A Brief List of Methods and Parameters

Overview

Here we include the list of possibly the most useful methods, which is followed by a brief tuning guideline:

• hnsw a Hierarchical Navigable Small World Graph.
• sw-graph a Small World Graph.
• vp-tree a Vantage-Point tree with a pruning rule adaptable to non-metric distances
• napp a Neighborhood APProximation index
• simple_invindx a vanilla, uncompressed, inverted index, which has no parameters
• brute_force a brute-force search, which has no parameters

The mnemonic name of a method is passed to python bindings function as well as to the benchmarking utility experiment.

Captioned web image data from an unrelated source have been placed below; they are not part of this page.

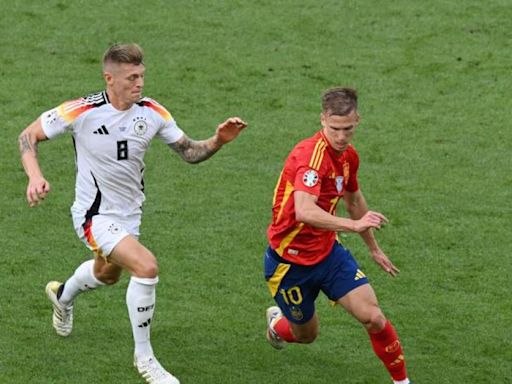 ¡De profesión, llegador! Dani Olmo adelanta a España ante Alemania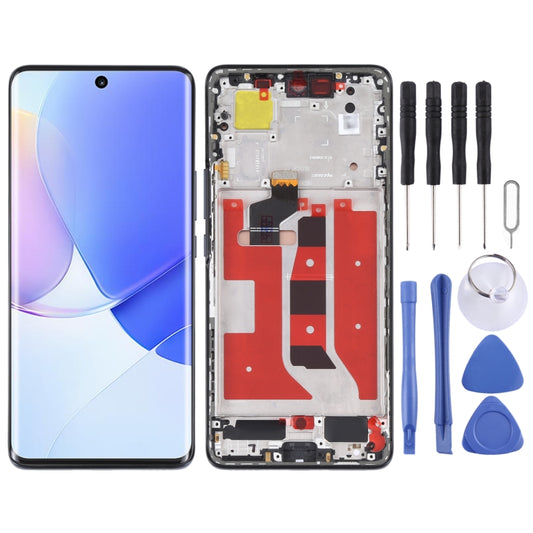 Original OLED LCD Screen for Huawei Nova 9 Digitizer Full Assembly with Frame(Black) - LCD Screen by buy2fix | Online Shopping UK | buy2fix
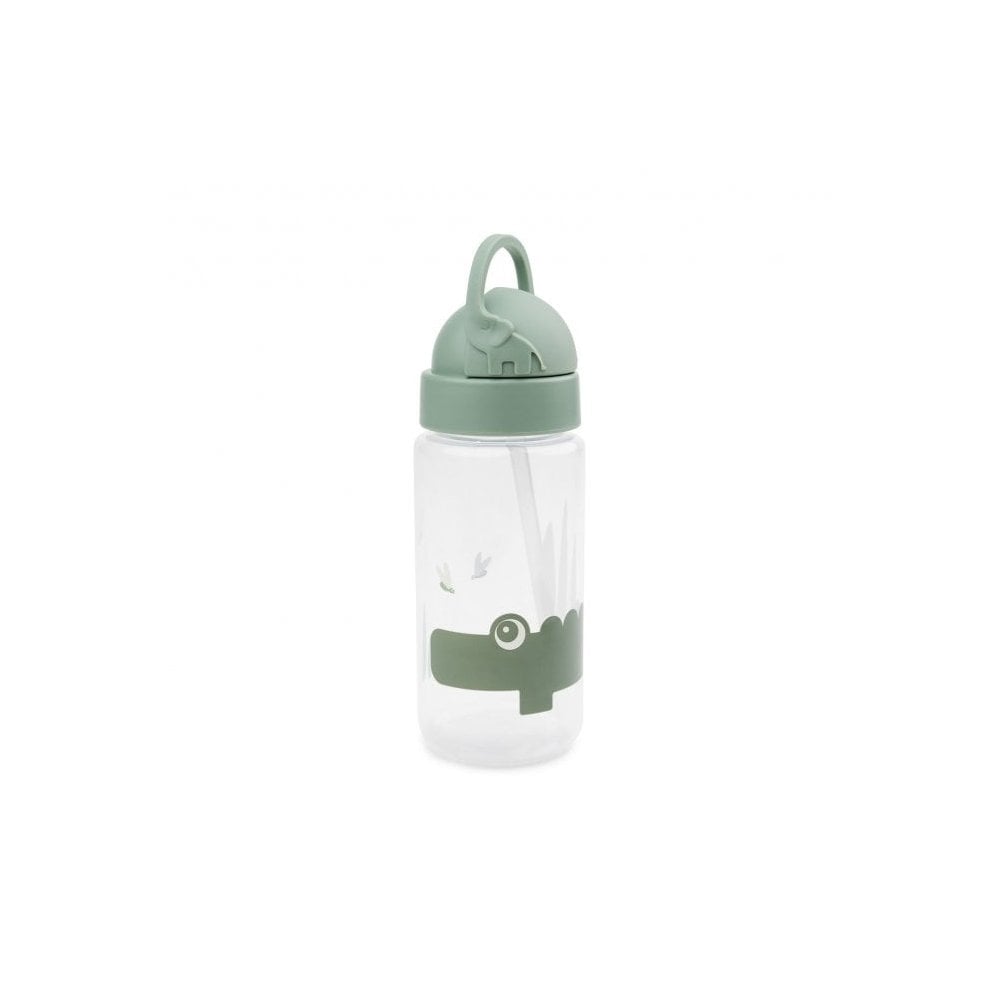 Straw bottle Croco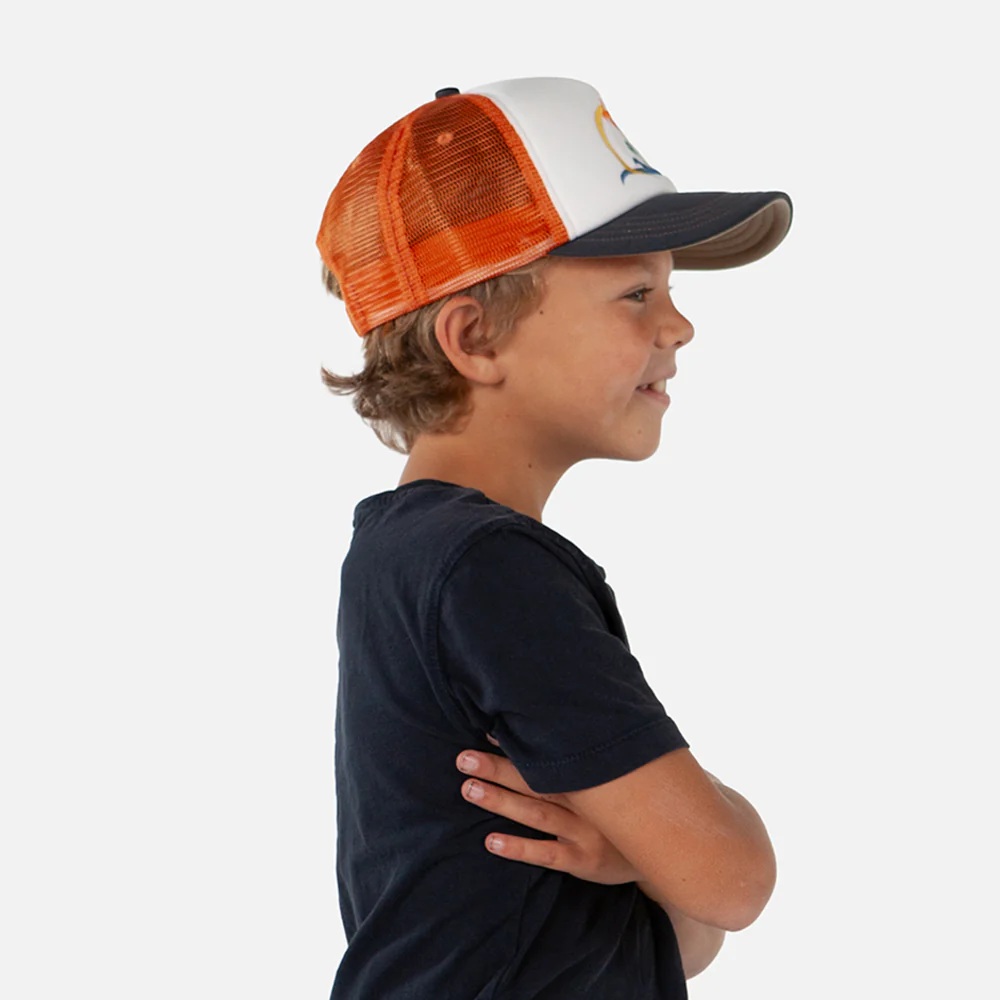 Barts Kinder Surfie Trucker Cap - Weiß-Orange - Image 5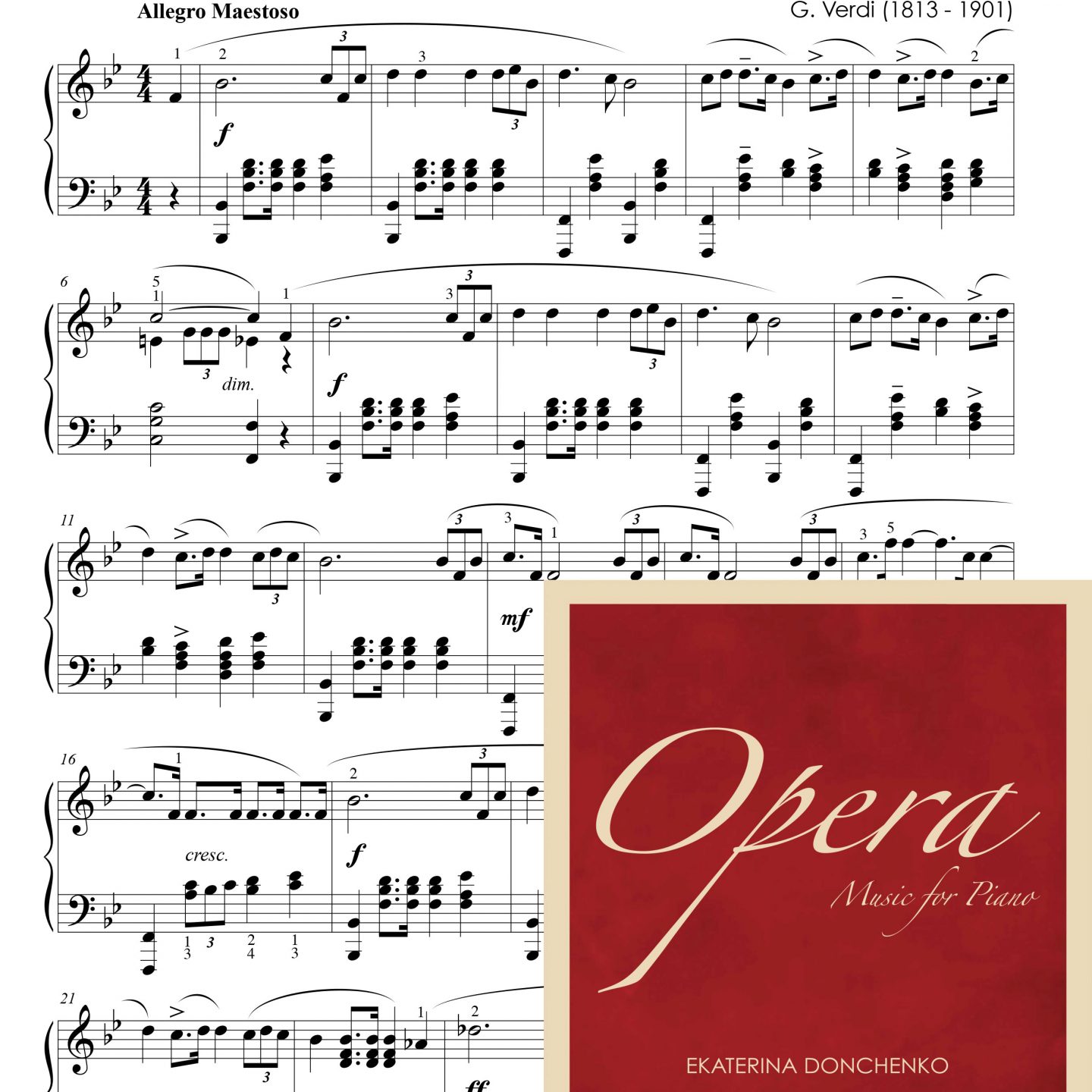 Verdi G. – TRIUMPHAL MARCH – Aida (for piano)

Graph-based search methods: SW-graph and HNSW

The basic guidelines are similar for both methods. Specifically, increasing the value of efConstruction improves the quality of a constructed graph and leads to higher accuracy of search. However this also leads to longer indexing times. Similarly, increasing the value of efSearch improves recall at the expense of longer retrieval time. The reasonable range of values for these parameters is 100-2000. In HNSW, there is a parameter ef, which is merely an alias for the parameter efSearch.

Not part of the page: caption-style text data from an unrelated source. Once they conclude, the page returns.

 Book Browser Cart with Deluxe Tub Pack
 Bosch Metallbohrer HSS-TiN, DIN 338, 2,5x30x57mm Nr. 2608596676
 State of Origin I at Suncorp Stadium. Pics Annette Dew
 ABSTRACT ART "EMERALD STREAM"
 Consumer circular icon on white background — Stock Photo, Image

The recall values are also affected by parameters NN (for SW-graph) and M (HNSW). Increasing the values of these parameters (to a certain degree) leads to better recall and shorter retrieval times (at the expense of longer indexing time). For low and moderate recall values (e.g., 60-80%) increasing these parameters may lead to longer retrieval times. The reasonable range of values for these parameters is 5-100.

In what follows, we discuss HNSW-specific parameters. First, for HNSW, the parameter M defines the maximum number of neighbors in the zero and above-zero layers. However, the actual default maximum number of neighbors for the zero layer is 2*M. This behavior can be overriden by explicitly setting the maximum number of neighbors for the zero (maxM0) and above-zero layers (maxM). Note that the zero layer contains all the data points, but the number of points included in other layers is defined by the parameter mult (see the HNSW paper for details).

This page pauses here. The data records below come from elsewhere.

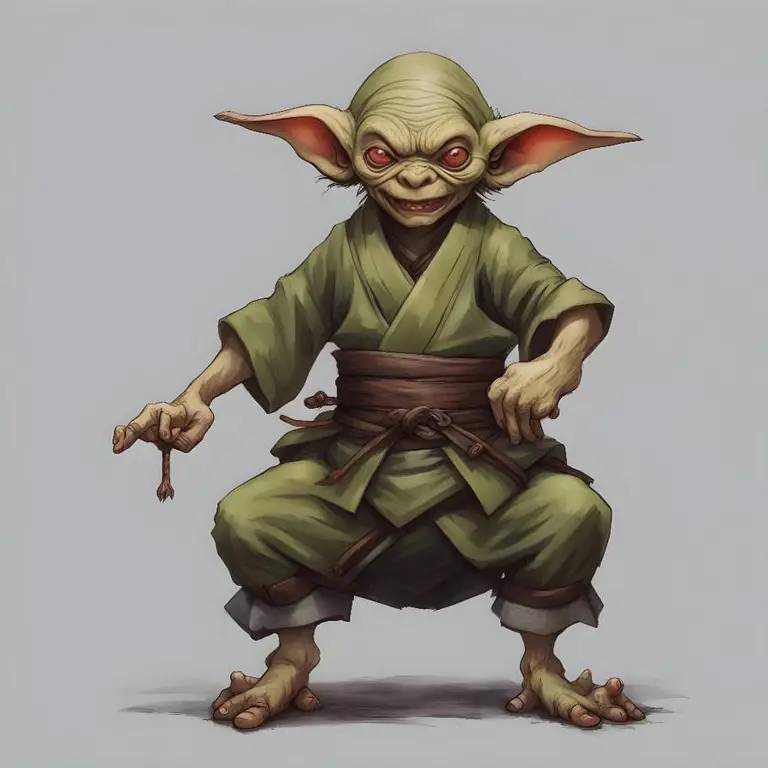 Ilustrasi goblin ala Jepang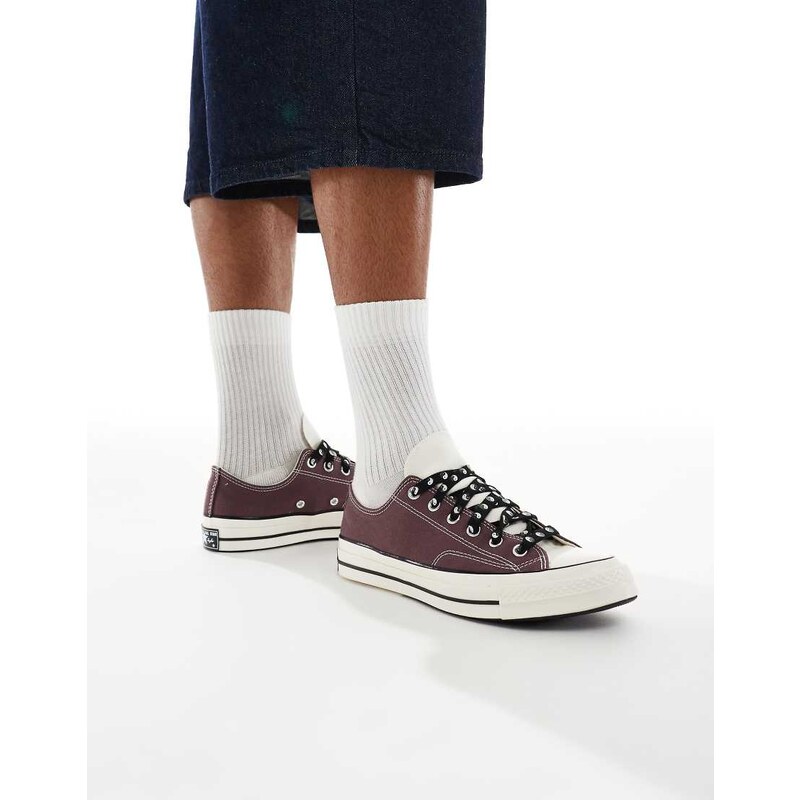 Converse Chuck 70 Ox trainers in burgundy-Red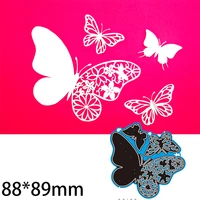 8889mm butterfly hollow flower metal cutting dies craft embossing scrapbooking paper craft greeting card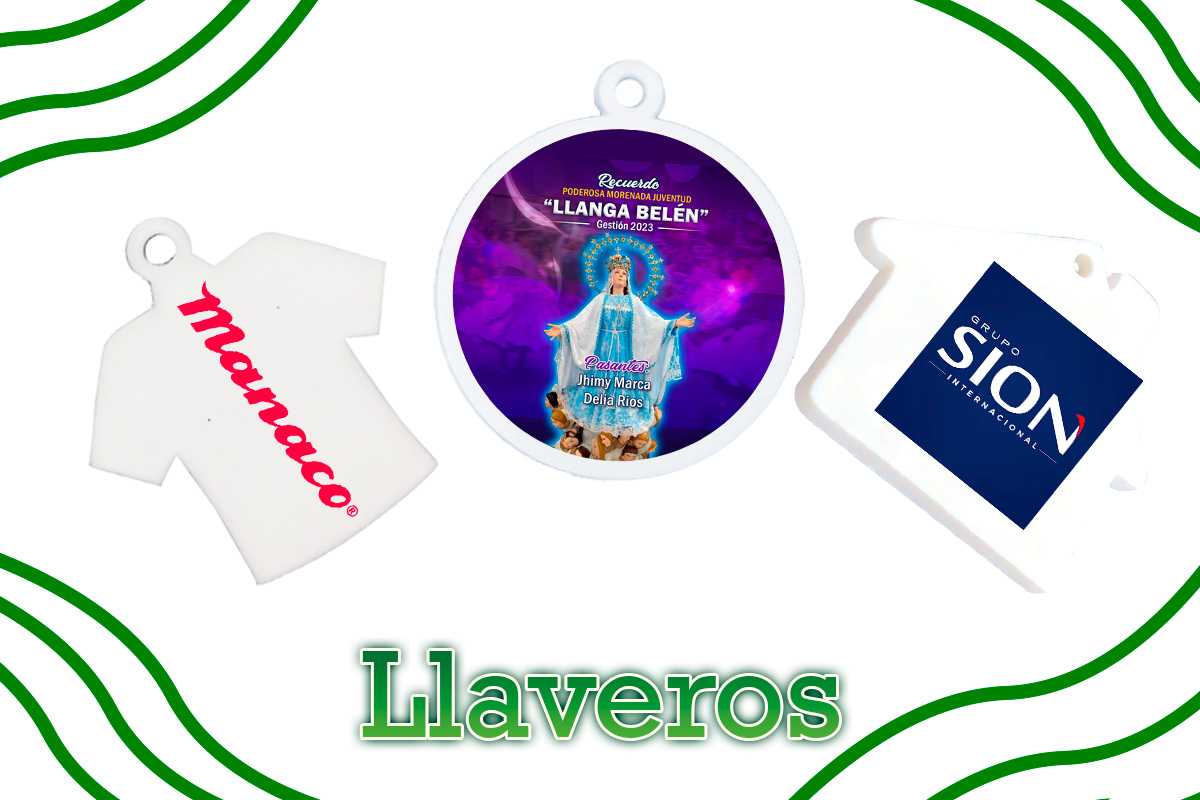 llaveros troquelados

Second, there is a trade-off between retrieval performance and indexing time related to the choice of the pruning heuristic (controlled by the parameter delaunay_type). Specifically, by default delaunay_type is equal to 2. This default is generally quite good. However, it maybe worth trying other viable options values: 0, 1, and 3.

Third, HNSW has the parameter post, which defines the amount (and type) of postprocessing applied to the constructed graph. The default value is 0, which means no postprocessing. Additional options are 1 and 2 (2 means more postprocessing).

Fourth, there is a pesky design descision that an index does not necessarily contain the data points, which are loaded separately. HNSW, chooses to include data points into the index in several important cases, which include the dense spaces for the Euclidean and the cosine distance. These optimized indices are created automatically whenever possible. However, this behavior can be overriden by setting the parameter skip_optimized_index to 1.

A Vantage-Point tree (VP-tree)

VP-tree has the autotuning procedure, which can be optionally initiated during the creation of the index. To this end, one needs to specify the parameters desiredRecall (the minimum desired recall), bucketSize (the size of the bucket), tuneK or tuneR, and (optionally) parameters tuneQty, minExp and maxExp. Parameters tuneK and tuneR are used to specify the value of k for k-NN search, or the search radius r for the range search.

Neighborhood APProximation index (NAPP)

Generally, increasing the overall number of pivots (parameter numPivot) helps to improve performance. However, using a large number of pivots leads to increased indexing times. A good compromise is to use numPivot somewhat larger than sqrt(N) , where N is the overall number of data points. Similarly, the number of pivots to be indexed (numPivotIndex) could be somewhat larger than sqrt(numPivot).

As a rough guideline, the number of pivots to be searched (numPivotSearch) could be in the order of sqrt(numPivotIndex). After selecting the values of numPivot and numPivotIndex, finding an optimal value of numPivotSearch that provides a necessary recall requires just a single run of the utility experiment (you need to specify all potentially good values of numPivotSearch multiple times using the option --QueryTimeParams, which is aliased to -t).

Selecting good pivots is extremely important to the method's efficiency. For dense spaces, one can get decent performance by randomly sampling pivots from the data set (this is a default scenario). An alternative way is to provide an external set of pivots.

One option for dense pivots, which we have not tested yet, is to generate pivots using (a hierarchical) k-means clustering. However, for sparse spaces, we have found this option to be ineffective. In contrast, David Novak discovered (see our CIKM'2016 paper) that good pivots can be composed from randomly (and uniformly) selected terms. There is a script to do this.

The script requires you to specify the maximum term/word ID. In many cases, the value of 50 or 100 thousand is enough. However, we sometimes encounter data sets with extremely long tail of frequent words. In these cases, one has to rely on the hashing trick to reduce dimensionality. Specifically, if there is a long tail of relatively frequent words, you may want to set the value hashTrickDim to something like 50000. Then, the maximum ID for the pivot generation utility would be 49999.

As we mentioned, by default pivots are sampled from the data set: To use external pivots you need to provide them in the file specified by the parameter pivotFile.

Finally, we note that NAPP divides data set into chunks, which can be indexed in parallel. A chunk size (in the number of data points) is defined by the parameter chunkIndexSize. By default, we will try to use all the threads. However, the number of threads can be set explicitly using the parameter indexThreadQty.